Afterwards, knowing that we needed a new salt and pepper set, we headed for Debenham’s, trying to score a bargain in their sale, if any were left. Our old salt mill fools everyone because it has a plastic cover on the bottom to avoid a mess. Many of our guests don’t notice this if we forget to tell them and then wonder why they aren’t getting any salt. The pepper mill had – shall we say, ground to a halt. (Sorry, I couldn’t resist the pun.)

Having taken the escalator from outside the back of the store to the first floor, we discovered that the ‘home’ section of the store was on the second floor. As we climbed a flight of stairs, we were assaulted by lurid (if they can be in monochrome) posters bragging about all the designer labels the shop sells. I expressed my disdain about people who pay out just to be seen with a particular name on their clothing, and on we went.

Then the inevitable happened. Debbie reminded me my dressing gown was tatty and I needed a new one. She saw some in the sale. Twelve pounds. Excellent. Except they were a designer label. John Rocha.

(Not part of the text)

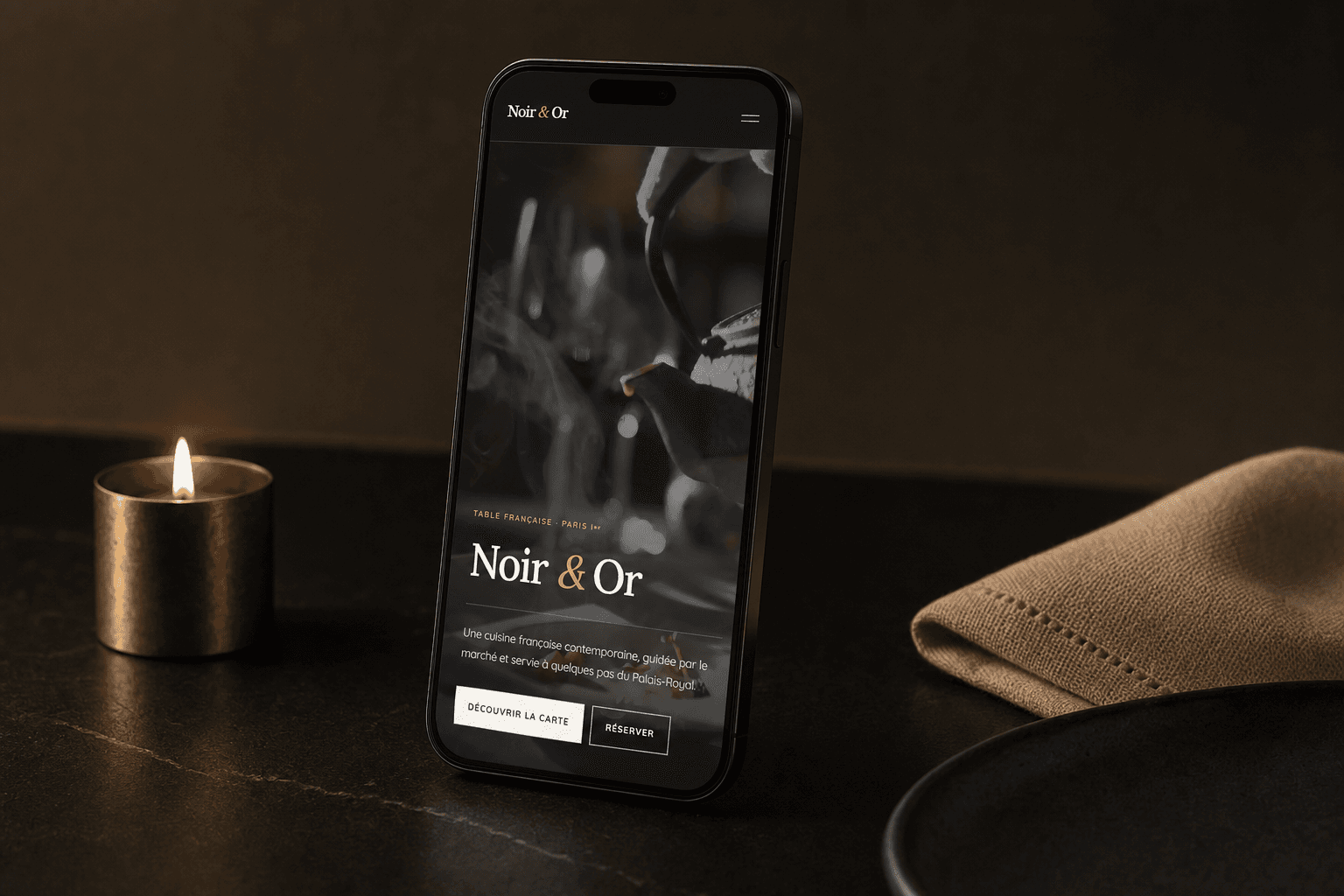 Page d’accueil mobile de Noir & Or présentée sur un téléphone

So much for eschewing designers. At that price I caved in and dragged it around the store while continuing to look for salt and pepper mills. My big anti-designer words went out of the window at the sight of the price. I guess Naomi Klein won’t be signing me up that quickly. At least I won’t be inviting you around to see me wearing the dressing gown. You wouldn’t want to see me first thing in the morning. So I’m not buying it to show off. And doubtless there are those who would consider it inappropriate for me to own such a garment: perhaps the church is paying me too much.

The cruet set? Well, there was nothing in the sale. We settled on a cheap (by Debenham’s standards) set for ten pounds, passing on the sets that retailed for twenty or even thirty-six. That’s more like it.